What the Numbers Mean
Most organizations treat a comp ratio between 80% and 120% as acceptable. Here’s how to read the scale:
- Around 100%: Pay is right where the organization intends it to be, aligned with market rates or internal policy.
- 80% to 90%: Common for newer or developing employees who are still growing into a role. If you’ve been in a position for several years and your ratio sits here, it could signal that your pay hasn’t kept up.
- Above 100%: Typically reflects strong performance, significant experience, or the fact that someone has been in the same role for a long time. It can also mean the employee is ready for promotion into a higher pay band.

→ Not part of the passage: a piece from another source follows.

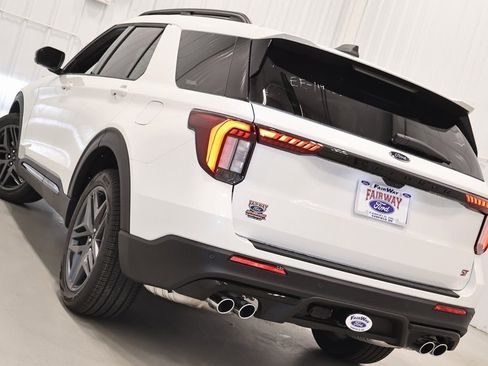 New 2026 Ford Explorer ST w/ Sun And Sound Package image 39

- Below 80%: A red flag that pay is significantly below target. This can happen after a role is reclassified, market rates shift upward, or pay simply hasn’t been reviewed in a while.
A comp ratio above 120% raises a different concern. It usually means the employee has outgrown their current pay grade. Rather than continuing to increase salary within the same band, the next step is often a promotion or role change that places them into a higher range where their pay falls back toward the midpoint.
How Companies Use Comp Ratio
Comp ratio is one of the main tools companies use when deciding annual raises. Many organizations build what’s called a merit increase matrix, which cross-references an employee’s performance rating with their current comp ratio. Someone rated as a high performer with a comp ratio of 85% would typically receive a larger raise than a high performer already sitting at 110%. The logic is simple: the further below midpoint you are, the more room there is to move your pay upward, especially when performance supports it.
HR teams also use comp ratio in bulk to spot pay equity problems. If one demographic group consistently has lower comp ratios than another in the same roles, that pattern points to a systemic gap. Aggregating comp ratios by department, location, or job family gives a quick snapshot of whether pay practices are landing where the company intends.
Comp Ratio vs. Range Penetration
Comp ratio only tells you how pay relates to the midpoint. It doesn’t show where someone falls within the full salary range. That’s where range penetration comes in. Range penetration measures how far a salary has progressed from the minimum to the maximum of the entire pay band.
For example, two employees could both have a comp ratio of 95%, but if one is in a narrow pay band and the other is in a wide one, their positions within their respective ranges look very different. Comp ratio answers “how close to target?” while range penetration answers “how much room is left to grow in this band?” Companies that take compensation seriously use both metrics together.
What It Means for You Personally
If you’re looking up your own comp ratio, the practical takeaway is this: knowing the midpoint of your pay range gives you a concrete anchor for salary conversations. A comp ratio below 90% after you’ve been in a role for more than a year or two is worth raising with your manager, particularly if your performance reviews are solid. It reframes the conversation from “I want more money” to “my pay is measurably below the target for this role.”
Not every company shares salary ranges openly, but an increasing number do, and many jurisdictions now require pay transparency in job postings. If your employer publishes ranges, you can calculate your own comp ratio in seconds. If they don’t, external salary data from compensation surveys or job boards can give you an approximate market midpoint to work with, though the number won’t be as precise as one drawn from your company’s internal structure.